View previous topic :: View next topic |
Author |
Message |
FrancoisVal Tux's lil' helper
Joined: 12 May 2005 Posts: 82 Location: Namur, Belgique
|
Posted: Sun Feb 05, 2006 2:24 pm Post subject: man and utf8: problem with accents |
|
|
Hello everybody,
I have switched to utf8 on gentoo. Everything seems to work correctly except man pages. I have read the guide of the page http://www.gentoo.org/doc/en/utf-8.xml and modified /etc/man.conf as suggested but it doesn't worked. In console or in a raphic terminal, the result is the same. In fact, all accents and other typical french characters are not displayed correctly.

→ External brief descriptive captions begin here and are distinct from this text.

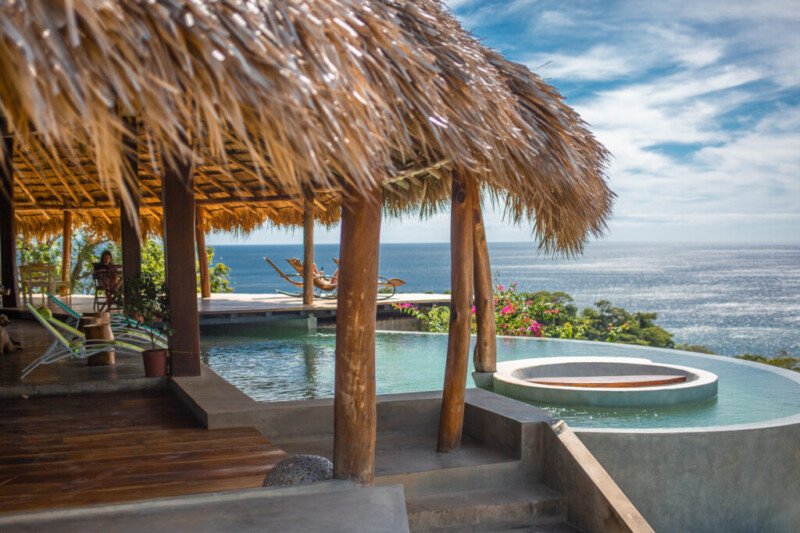 Clifftop infinity pool and restaurant at Hush Maderas overlooking Playa Maderas, San Juan del Sur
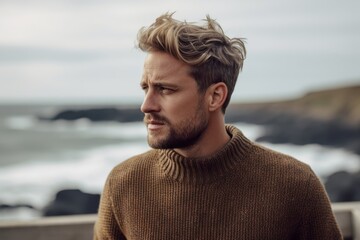 Sticker - Close-up portrait photography of a satisfied boy in his 30s wearing a cozy sweater against a scenic ocean cliff background. With generative AI technology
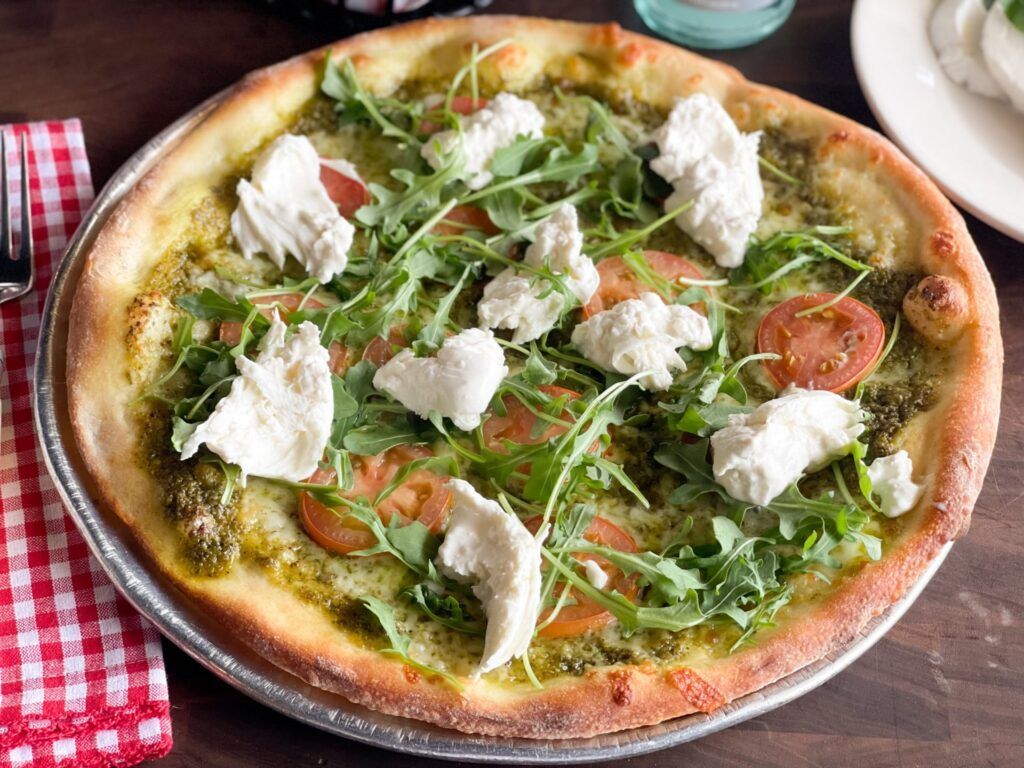 Pizza with pesto base, sliced tomatoes, arugula, and dollops of white cheese on a metal pan.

Does anybody know a solution to the problem ?
Thanks for your help,
François Valenduc _________________ François Valenduc |
|
Back to top |
|
|
chrroessner Apprentice
Joined: 02 Dec 2003 Posts: 156 Location: Germany
|
Posted: Sun Feb 05, 2006 3:50 pm Post subject: |
|
|
Check /etc/env.d/70less for the LESSCHARSET option (like in the doc described). env-update and check the /etc/man.conf NROFF thing. This should fix your problems, I hope.
Rössi |
|
Back to top |
|
|
FrancoisVal Tux's lil' helper
Joined: 12 May 2005 Posts: 82 Location: Namur, Belgique
|
Posted: Sun Feb 05, 2006 4:58 pm Post subject: |
|
|
Thanks for your answer.
Unfortunately, that didn't solve the problem. I had already a line export LESSCHARSET=utf-8 in the ZSH config file (/etc/zsh/zshenv) and that doesn' work better. I had read in the Howto that ZSH didn't provide support for utf8 but it doesn't seem to be true anymore. I manage to display and manage utf8 characters correctly with ZSH (in console or in a grahical terminal). I have also tried with bash but I still have problems with manpages. Is it really possible to use man and utf8 correctly when you are native french speaker and want to read french with accents or other charaters (like é, è, à, ç...) ? All these characters are not reproduced correctly in man pages. For example, for "é", I get "é". _________________ François Valenduc |
|
Back to top |
|
|
ecatmur Advocate
Joined: 20 Oct 2003 Posts: 3595 Location: Edinburgh
|
|
Back to top |
|
|
FrancoisVal Tux's lil' helper
Joined: 12 May 2005 Posts: 82 Location: Namur, Belgique
|
Posted: Mon Feb 06, 2006 9:10 pm Post subject: |
|
|
I have tested and when I type echo $'\xc3\xa9', I get "é" in konsole, xterm or in a text console. If I use bash or zsh, the "é" is displayed correctly. When I use less to view a file, french characters are displayed correctly (in all the situations listed here above). So the problem is really due to man, groff or nroff. As explained in the howto, I have put the following line in the /etc/man.conf:
NROFF /usr/bin/nroff -mandoc -c
Is there a minimal version of man or groff required to use UTF8 encoding correctly ?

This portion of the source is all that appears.